Painting Class

PAINTING AND PHOTOGRAPHY IN FRANCE includes a course in drawing and painting, taught by SEYMOUR SIMMONS (see biography, below). The course is open to all participants, and is designed for all ages and levels of experience, from true beginners to advanced artists. For BEGINNERS or those with limited backgrounds, the course introduces basic issues such as sketching from observation, exploring drawing and painting media, and studying how compositions are organized. INTERMEDIATE level participants will learn ways to improve their observational skills through studies of proportion and perspective, while also expanding their technique, strengthening their understanding of composition, and developing their individual style. ADVANCED artists will be challenged to extend their range of abilities, while also focusing on matters of personal concern, whether these are representational, formal, expressive, or conceptual.

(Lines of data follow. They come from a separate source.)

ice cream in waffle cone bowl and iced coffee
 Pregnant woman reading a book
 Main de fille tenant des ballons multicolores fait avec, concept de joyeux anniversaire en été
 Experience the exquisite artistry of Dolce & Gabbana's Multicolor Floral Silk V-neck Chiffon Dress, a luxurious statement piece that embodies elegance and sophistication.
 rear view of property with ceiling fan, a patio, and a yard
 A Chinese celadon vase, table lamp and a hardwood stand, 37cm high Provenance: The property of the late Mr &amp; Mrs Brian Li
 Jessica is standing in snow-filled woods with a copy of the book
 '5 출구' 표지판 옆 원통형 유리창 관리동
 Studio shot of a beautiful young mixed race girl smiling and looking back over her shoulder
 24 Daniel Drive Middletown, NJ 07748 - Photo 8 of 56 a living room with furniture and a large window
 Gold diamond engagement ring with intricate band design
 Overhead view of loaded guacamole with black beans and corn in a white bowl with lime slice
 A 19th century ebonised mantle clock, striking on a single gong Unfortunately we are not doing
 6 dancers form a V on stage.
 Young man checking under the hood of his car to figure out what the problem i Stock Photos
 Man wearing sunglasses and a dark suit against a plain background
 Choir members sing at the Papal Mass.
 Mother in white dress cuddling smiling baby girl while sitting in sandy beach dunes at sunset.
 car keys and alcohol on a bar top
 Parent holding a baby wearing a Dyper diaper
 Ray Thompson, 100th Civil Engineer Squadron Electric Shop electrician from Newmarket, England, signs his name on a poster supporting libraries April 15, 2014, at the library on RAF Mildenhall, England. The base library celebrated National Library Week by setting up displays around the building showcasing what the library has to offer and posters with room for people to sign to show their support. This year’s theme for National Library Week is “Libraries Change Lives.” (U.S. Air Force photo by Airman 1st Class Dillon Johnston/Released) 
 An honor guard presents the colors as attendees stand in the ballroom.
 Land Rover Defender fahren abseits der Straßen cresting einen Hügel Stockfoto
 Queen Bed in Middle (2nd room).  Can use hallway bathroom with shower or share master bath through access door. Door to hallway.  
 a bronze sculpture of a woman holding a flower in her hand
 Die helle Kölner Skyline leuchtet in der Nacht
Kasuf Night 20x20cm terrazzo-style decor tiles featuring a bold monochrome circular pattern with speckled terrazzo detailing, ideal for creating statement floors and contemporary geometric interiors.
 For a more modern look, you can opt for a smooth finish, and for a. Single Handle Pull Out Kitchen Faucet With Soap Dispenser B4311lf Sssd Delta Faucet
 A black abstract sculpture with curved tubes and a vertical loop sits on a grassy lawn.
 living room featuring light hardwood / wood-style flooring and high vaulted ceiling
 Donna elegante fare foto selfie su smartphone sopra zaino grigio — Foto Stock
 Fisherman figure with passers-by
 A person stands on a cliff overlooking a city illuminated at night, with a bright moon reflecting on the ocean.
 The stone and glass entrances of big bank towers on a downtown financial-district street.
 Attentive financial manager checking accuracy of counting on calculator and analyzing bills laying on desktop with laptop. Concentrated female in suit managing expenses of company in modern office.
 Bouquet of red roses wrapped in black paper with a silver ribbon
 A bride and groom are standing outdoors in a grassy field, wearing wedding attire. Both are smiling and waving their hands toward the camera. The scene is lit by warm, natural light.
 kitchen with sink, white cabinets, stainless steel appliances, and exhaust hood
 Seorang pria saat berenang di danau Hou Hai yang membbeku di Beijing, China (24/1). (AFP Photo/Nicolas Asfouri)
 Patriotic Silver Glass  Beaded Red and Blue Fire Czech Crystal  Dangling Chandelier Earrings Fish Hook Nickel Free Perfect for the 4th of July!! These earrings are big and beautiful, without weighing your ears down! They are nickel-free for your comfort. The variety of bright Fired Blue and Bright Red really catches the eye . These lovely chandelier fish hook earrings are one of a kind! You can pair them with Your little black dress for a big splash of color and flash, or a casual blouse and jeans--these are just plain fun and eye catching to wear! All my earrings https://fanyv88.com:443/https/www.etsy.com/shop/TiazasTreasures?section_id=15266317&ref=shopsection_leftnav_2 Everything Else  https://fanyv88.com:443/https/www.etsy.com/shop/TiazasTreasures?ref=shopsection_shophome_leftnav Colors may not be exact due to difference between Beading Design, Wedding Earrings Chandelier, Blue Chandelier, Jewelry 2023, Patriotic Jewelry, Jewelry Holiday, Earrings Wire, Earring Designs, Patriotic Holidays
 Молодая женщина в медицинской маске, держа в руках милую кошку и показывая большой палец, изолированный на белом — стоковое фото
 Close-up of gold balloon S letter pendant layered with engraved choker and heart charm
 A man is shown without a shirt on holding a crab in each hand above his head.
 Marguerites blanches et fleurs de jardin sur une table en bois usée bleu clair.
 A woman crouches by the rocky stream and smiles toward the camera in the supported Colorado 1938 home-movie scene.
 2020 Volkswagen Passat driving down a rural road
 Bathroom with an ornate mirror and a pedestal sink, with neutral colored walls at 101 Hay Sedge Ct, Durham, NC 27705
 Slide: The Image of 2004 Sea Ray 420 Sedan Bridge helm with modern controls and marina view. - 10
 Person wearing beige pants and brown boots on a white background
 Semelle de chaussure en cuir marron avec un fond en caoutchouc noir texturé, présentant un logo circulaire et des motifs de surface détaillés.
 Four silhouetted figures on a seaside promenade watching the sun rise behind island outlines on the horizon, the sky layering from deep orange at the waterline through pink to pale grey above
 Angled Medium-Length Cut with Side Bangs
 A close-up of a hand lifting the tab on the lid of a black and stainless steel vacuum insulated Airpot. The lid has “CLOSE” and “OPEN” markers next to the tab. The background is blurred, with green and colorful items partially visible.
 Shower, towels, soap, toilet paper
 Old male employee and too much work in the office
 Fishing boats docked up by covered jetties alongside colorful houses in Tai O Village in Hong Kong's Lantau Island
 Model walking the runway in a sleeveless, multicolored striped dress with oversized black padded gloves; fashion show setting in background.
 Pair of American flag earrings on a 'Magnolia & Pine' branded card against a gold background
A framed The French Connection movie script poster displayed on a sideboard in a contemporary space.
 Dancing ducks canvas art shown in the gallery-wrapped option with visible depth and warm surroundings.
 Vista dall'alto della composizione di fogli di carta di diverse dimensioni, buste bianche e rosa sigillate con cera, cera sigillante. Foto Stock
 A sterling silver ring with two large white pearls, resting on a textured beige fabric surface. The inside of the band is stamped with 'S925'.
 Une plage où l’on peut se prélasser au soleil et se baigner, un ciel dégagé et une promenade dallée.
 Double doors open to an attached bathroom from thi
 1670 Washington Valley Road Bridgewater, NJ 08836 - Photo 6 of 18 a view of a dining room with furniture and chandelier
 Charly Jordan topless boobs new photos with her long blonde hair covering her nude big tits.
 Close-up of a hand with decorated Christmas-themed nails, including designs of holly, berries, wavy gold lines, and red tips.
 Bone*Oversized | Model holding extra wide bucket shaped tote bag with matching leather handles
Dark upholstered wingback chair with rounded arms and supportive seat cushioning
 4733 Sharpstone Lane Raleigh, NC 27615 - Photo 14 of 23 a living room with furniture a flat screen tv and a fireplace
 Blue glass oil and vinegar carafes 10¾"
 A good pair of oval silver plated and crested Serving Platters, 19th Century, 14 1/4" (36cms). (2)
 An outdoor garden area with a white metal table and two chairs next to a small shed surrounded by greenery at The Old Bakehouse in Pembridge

Participants typically work from observation, however, individual approaches naturally vary, ranging from realistic to abstract, impressionistic to expressionistic, sometimes even surrealist! Toward these ends, the course will develop students’ creativity, using traditional and contemporary methods, like keeping a sketchbook, following a ‘creative process,’ researching artists of the past and present, seeking individual sources of inspiration, exploring diverse compositional ideas, experimenting with media, and writing reflections and self-evaluations. These activities will be pursued primarily through the use of a SKETCHBOOK, which is also used to record the trip. Sketchbooks are discussed in more detail, below.

The course involves regular GROUP INSTRUCTION, combined with opportunities for PEER CRITIQUE and ONE-ON-ONE discussions with the instructor. Students may use their choice of drawing or painting media. However, instruction and demonstrations primarily involve pencil and charcoal for drawing and transparent watercolor techniques for painting.

Along with demonstrations and working on site, an important part of the course involves visiting ART MUSEUMS, like the LOUVRE and ORSAY, for group discussions and study. There, in front of the original works, we will discuss the artists’ style, the way they organized their compositions, the way they evoke a particular emotion or mode through tone and color, how they created a sense of three-dimensional space on a two-dimensional surface, and the techniques they used with their chosen media. Whenever possible, we will also study artists’ drawings and sketchbooks, alongside their finished works, to discover their own creative processes. Terry Roueche’s photography lessons will also complement drawing and painting instruction as well as museum visits by addressing common interests like formatting, depth of field, use of values, etc. Participants will then apply these skills as we sketch and take photographs throughout Paris and go on to develop more finished work in the Jura.

In sum, the GOALS of the course are to:

  • Keep a SKETCHBOOK to develop ideas as well as to record experiences and reflections
  • Improve OBSERVATIONAL skills applied to landscape, still-life, and interiors, and possibly figure and portraiture depending on the interests of participants
  • Expand TECHNIQUES in drawing and painting media
  • Learn to apply COMPOSITIONAL principles and improve composition planning
  • Cultivate INDIVIDUAL styles and approaches
  • Develop CREATIVITY through problem-solving and following a creative process.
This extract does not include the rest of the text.